Yet, I have never seen anything about this landmark single attributed to The Cash Box in mid-1954. It seems like they too would know how innovative and revolutionary this record was.

What say you?
—Butch Franco, Pleasanton, Calif.

DEAR BUTCH: Until I began my search through the mid-1954 issues of The Cash Box, I had no idea how much attention they paid to a totally unknown artist, with a funny name, and on a fledging record label in Memphis.

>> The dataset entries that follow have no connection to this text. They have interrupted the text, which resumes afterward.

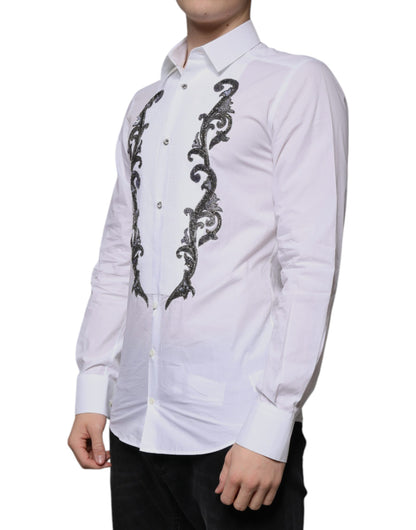 Dolce & Gabbana White Slim Fit Baroque GOLD Men Dress Shirt by Dolce & Gabbana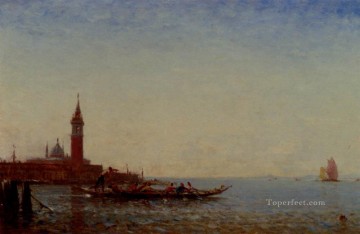 ボート Painting - ゴンドール デヴァント サン ジョルジョ ヴェネツィア ボート バルビゾン フェリックス ジエム 海景
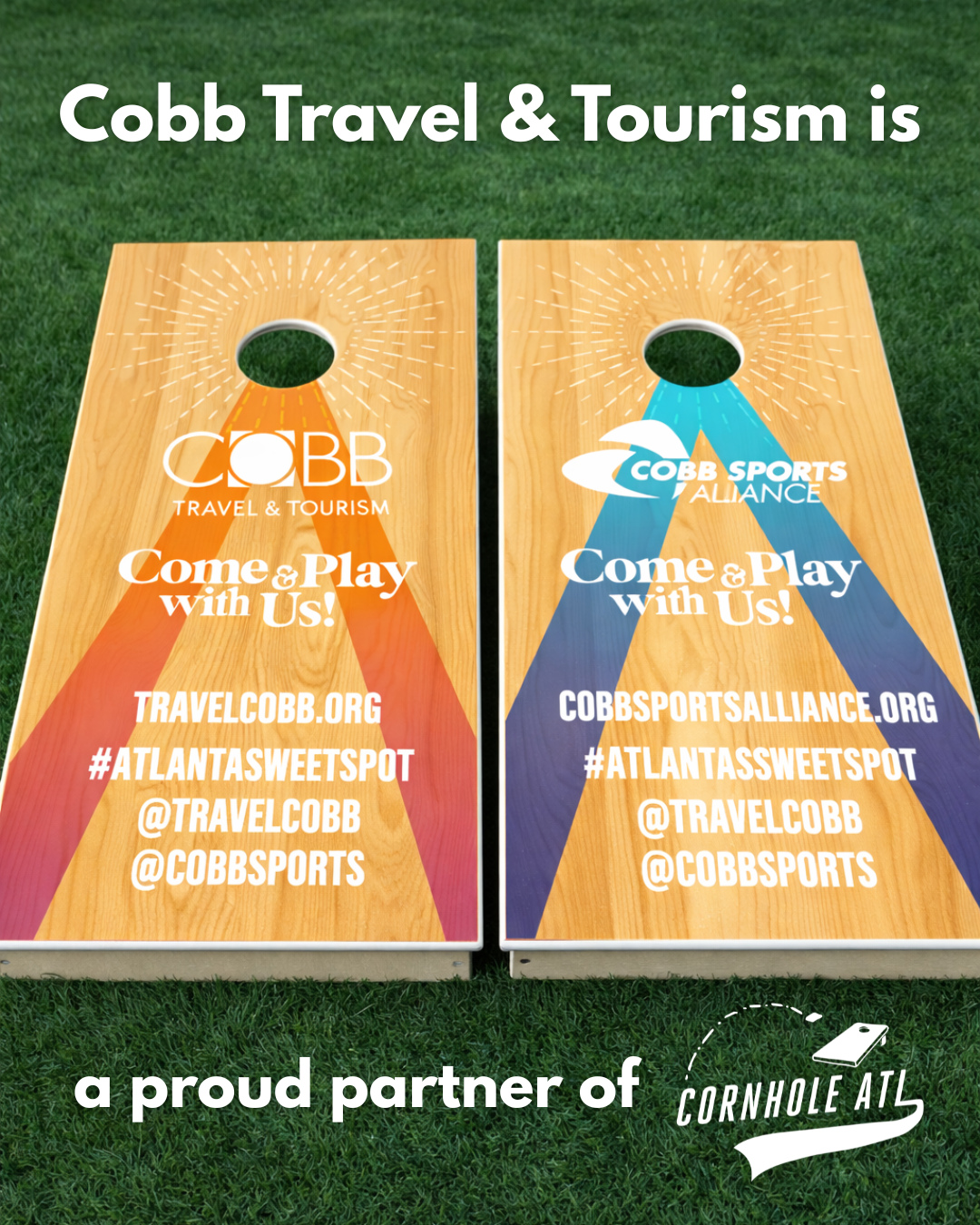 We are proud to team up with @travelcobb and @cobbsports 🤝 We love doing our part to support the Cobb County economy the best way we know how: bringing people together over the game of cornhole. If you’re looking for things to do in Cobb (events, spots to eat/drink, or planning a weekend), Cobb Travel & Tourism has you covered.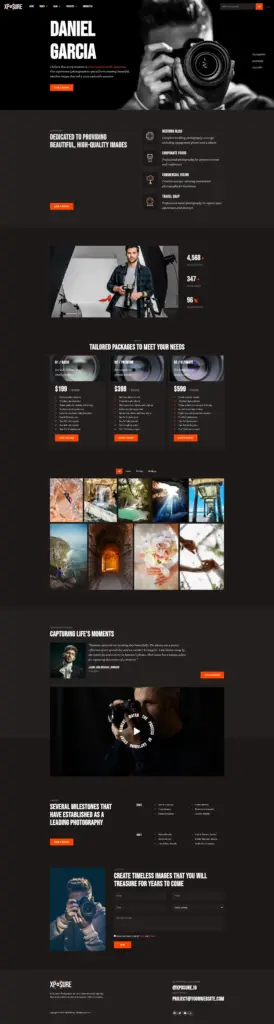 专业摄影师作品集 - 文化创意服务 Elementor外贸独立站模板完整页面预览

Here is what I found in just three issues:

After about two weeks after Sun 209 came out, The Cash Box Rhythm N' Blues section, in the August 7, 1954 issue, lists the Top 10 regional hits for nine markets: New York; Chicago; New Orleans; Philadelphia; Los Angeles; St. Louis; San Francisco; Newark; Baltimore; Nashville; Atlanta; and Memphis.

Here are the Memphis Top 10:

1. "Honey Love" (The Drifters)
2. "Work With Me Annie" (The Midnighters)
3. "Let's Walk" (Charles Brown)
4. "Please Forgive Me" (Johnny Ace)
5. "Sh-Boom" (The Chords)
6. "I Understand Just How You Feel" (The Four Tunes
7. "Okie Dokie Stomp" (Clarence "Gatemouth" Brown)
8. "Co-Operation" (Carl Mathews)
9. "Just Make Love to Me" (Muddy Waters)
10. "That's All Right" (Elvis Presley)

In that same section, Cash Box lists five records that are "Coming Up in R&B." In no particular order, they are:

"That's All Right" (Elvis Presley)
"You Can't Have Two" (Dinah Washington)
"Any Day Now" (Ella & Buddy Johnson)
"Come to Me Darlin'" (The Crystals)
"Tick Tock" (Marvin & Johnny)

Interestingly, Elvis is the only white artist with a tune in the entire Cash Box R&B section. Also, "That's All Right" (Sun 209) is the only Sun record mentioned anywhere in the issue.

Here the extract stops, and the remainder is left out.